Look closer, though and Jacob Jensen's industrial influences become more apparent. For a start, the set is exceptionally thin; just 2.89cm from front to back. The wall-mount for the TV has been designed to be as thin as possible too. Then there's a tasteful backlit touch panel set of controls integrated into the fascia that's invisible when not in use, while the desktop stand is made from high-quality brushed metal and the chassis is, as a whole, fairly plastic-free. The build quality exudes class, even if the set's overall look is less interesting than it might have been.
Turning to the set's skinny rear, it's good to find that Toshiba has realised that many people will probably want to hang such a thin TV on the wall, and so has positioned all the connections so that they're accessible from the side rather than just sticking straight out from the rear.
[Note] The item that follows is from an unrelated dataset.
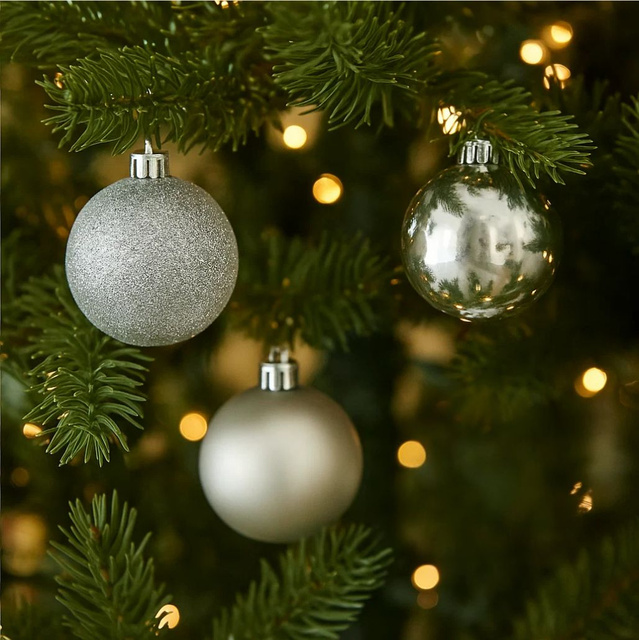 Set globuri din plastic cu diferite finisaje, Ø 7 cm, 8 buc.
As with some of Samsung's thinnest TVs, this has required Toshiba to provided 'shrinking' adaptors for some connections, including the component, composite and Scart inputs.
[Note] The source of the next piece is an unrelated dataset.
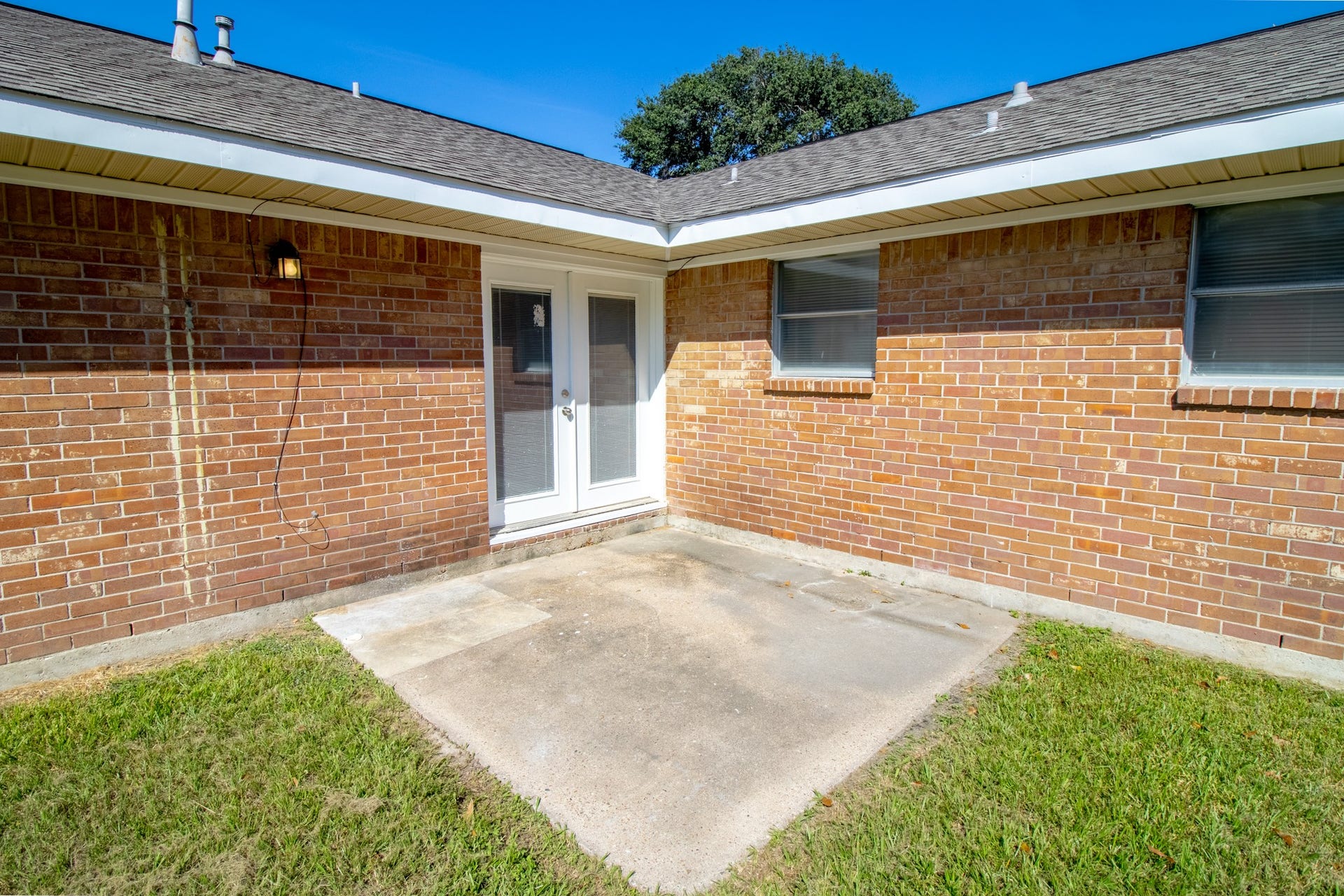 2202 Cherrybrook Lane, Pasadena, TX 77502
Elsewhere, you get four HDMIs, an Ethernet port and a couple of USB inputs – a pretty presentable collection, though probably no more than should be expected of a £1,500 46in TV these days.
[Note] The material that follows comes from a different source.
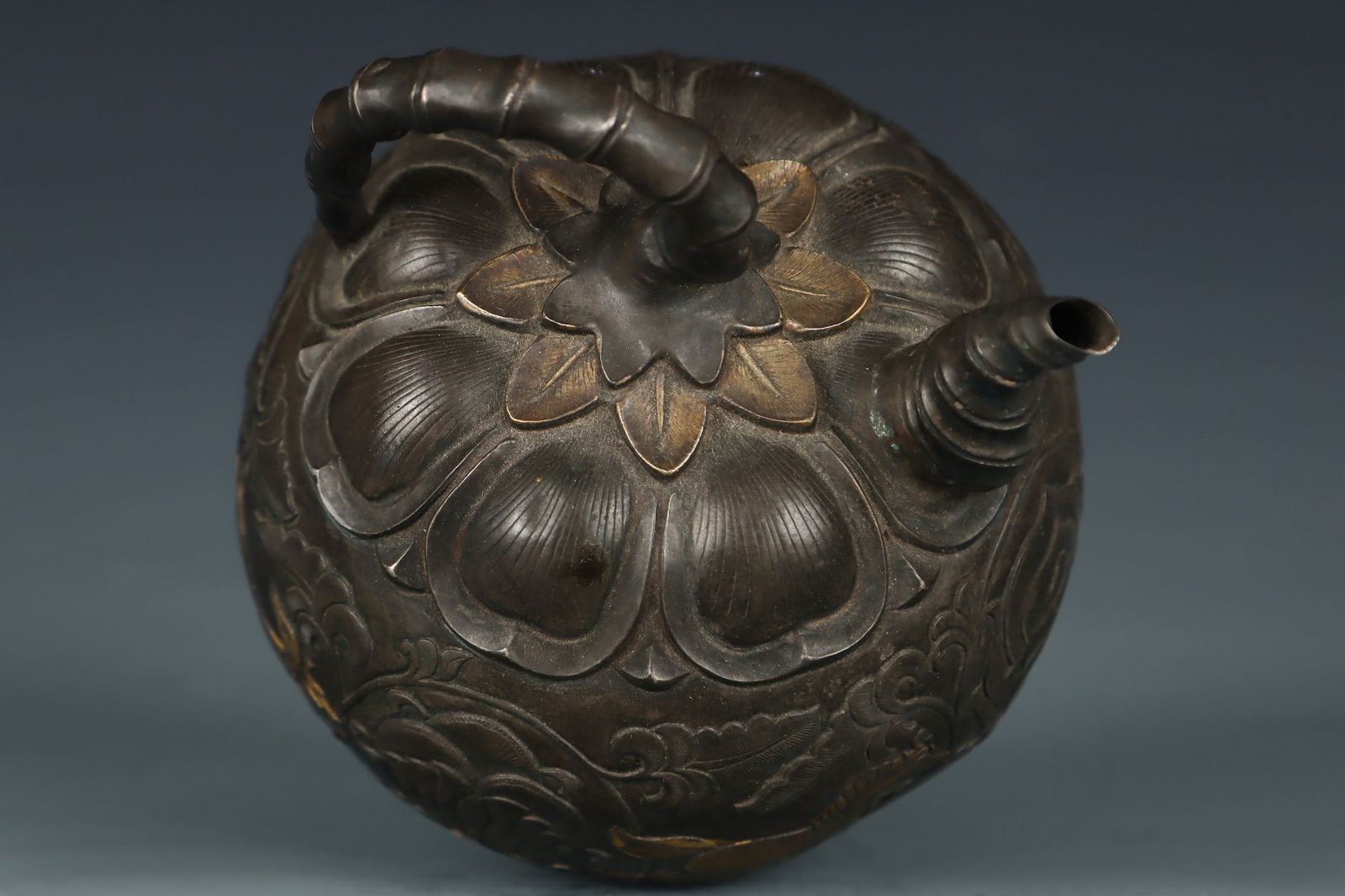 A Exquisite Silver Carved Auspicious Beast Pattern Ewer - 6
The Ethernet port provides mandatory support for the set's built-in Freeview HD tuner, access to files stored on a DLNA PC as well as access to YouTube and the BBC iPlayer. Support for the latter is always a boon and it is also pleasing to discover that the platform on the 46VL758 supports HD, as well as standard-def video streaming.
The 46VL758's online functions are a little unusual in that they don't appear to fall under any branded online umbrella service, like Panasonic's VieraCast or Samsung's Internet@TV: they just appear on the TV's multimedia onscreen menus. It's also quite odd to find the excellent iPlayer here while some more advanced TVs in online feature terms still haven't got it.
Overall, however, Toshiba is a few steps behind most of its big-brand rivals when it comes to online goodies.
Its DLNA function is rather awkward, thanks to an unwillingness to handle video codecs. Instead you have to hook it up to a PC with media rendering capabilities, which complicates matters no end for novice users and effectively means you'll need a computer equipped with the Windows 7 operating system if you want to enjoy a full set of DLNA features.
With this in mind, it's a relief to find that the USB ports support playback of DivX HD video files as well as JPEG photos and MP3 audio files.
You can also attach an optional dongle to one of the USBs to make the TV Wi-Fi ready if you want to jack it into your network wirelessly.
Turning our attention to the technology driving the 46VL758's pictures, it's no surprise – given the screen's slimness – to find it using edge LED backlighting. The native resolution is, inevitably, full HD, and the screen claims a high contrast ratio of 7,000,000:1, while its motion handling should benefit from 100Hz processing.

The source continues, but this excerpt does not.